Yo habría sido un excelente hobbit.


La raíz de todos los males está a media cuadra de aquí

Y así es como mis enemigos imaginarios me llevan al gran archienemigo, quien siempre estuvo ahí, obligándome a usar aplicaciones que me pierden en la ciudad, no dejándome manejar agüsto ni permitiéndome leer, raspándose con los topes de Las Águilas: a quien me refiero es al temible automóvil, cuya invención que ahora usamos se le atribuye al maquiavélico John Ford. Odio los coches, los conductores y en especial a los conductores tapatíos que muchas veces no saben (¿o sabemos?) manejar.

Los autos son malos. Aceleran cuando ven que hay cámaras, se estacionan en líneas amarillas sin avisarte o peor: en lugares en donde te cobran muy caro aunque vayas sólo de pasada. Luego se avientan contra los baches y se ponchan sus propias llantas (que además cada uno tiene su tamaño particular) y se pasan los altos. Se ensucian por dentro y por afuera, nunca se les acaba el hambre de gasolina (que está bien cara) y exigen ir al servicio cada tanto a que les hagan su propia limpia. Luego hay momentos en los que deciden no arrancar hasta que viene otro amigo suyo, si es que no se enojan con otro vehículo y optan por estamparse contra este.
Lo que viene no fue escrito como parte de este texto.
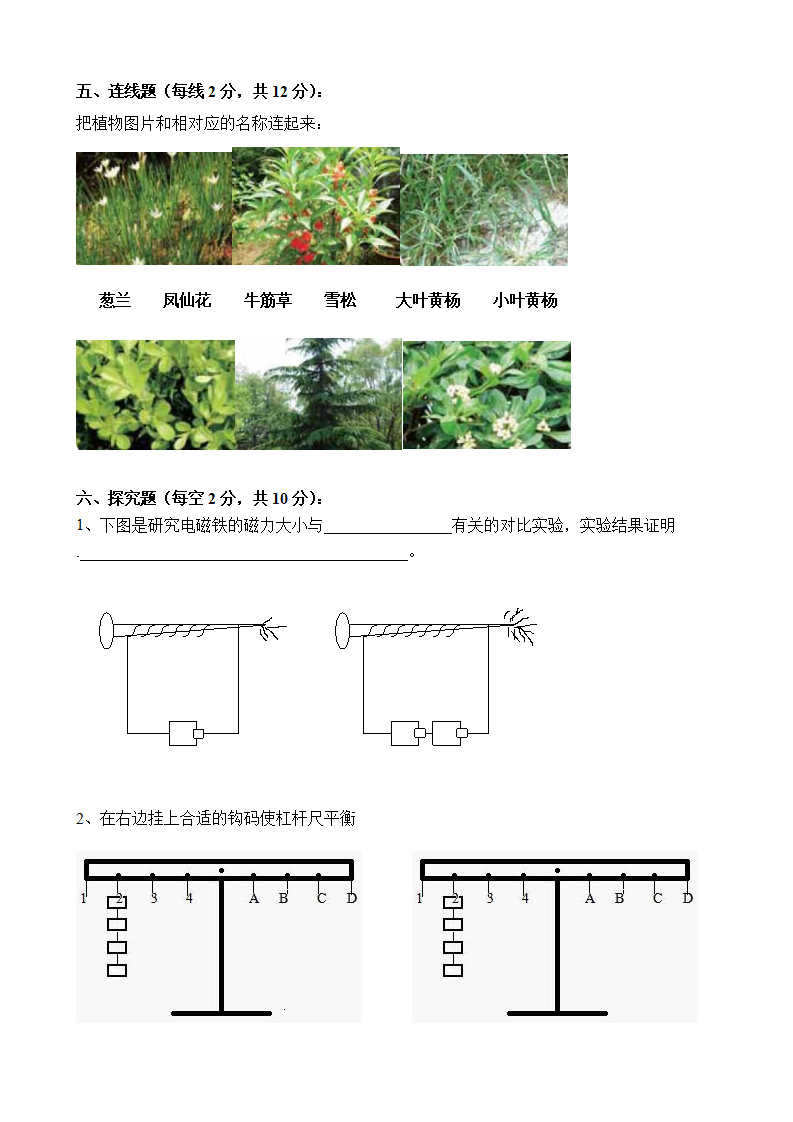 六年级科学命题比赛  邹颖_03.png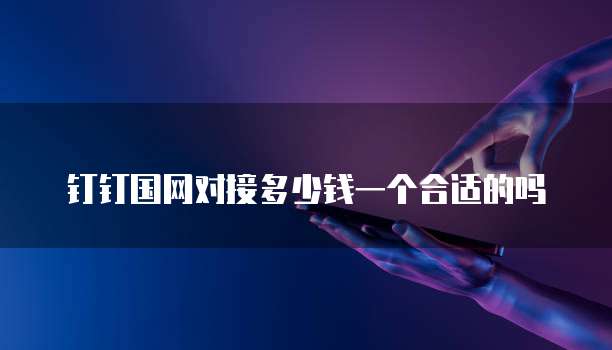 钉钉国网对接多少钱一个合适的吗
Llevo manejando desde los quince años y a los dieciocho me dieron mi licencia de conducir. Pero creo que no debieron de haberlo hecho, ya que cuando hice el examen no me sabía estacionar ―lo logré en el segundo intento― y en el examen escrito me repitieron la misma pregunta dos veces: saqué ocho de diez, no sé si saqué mal la pregunta dos veces, para colmo. Sin embargo, ya que estudio en una esquina de la ciudad, en otra vivo y en otra más vive mi novia, no tengo de otra más que seguir siendo un pésimo conductor. Pero prefiero batallar con el coche que tener chofer, porque si no manejo, me mareo; a mí mejor denme un teletransportador como el de Star Trek.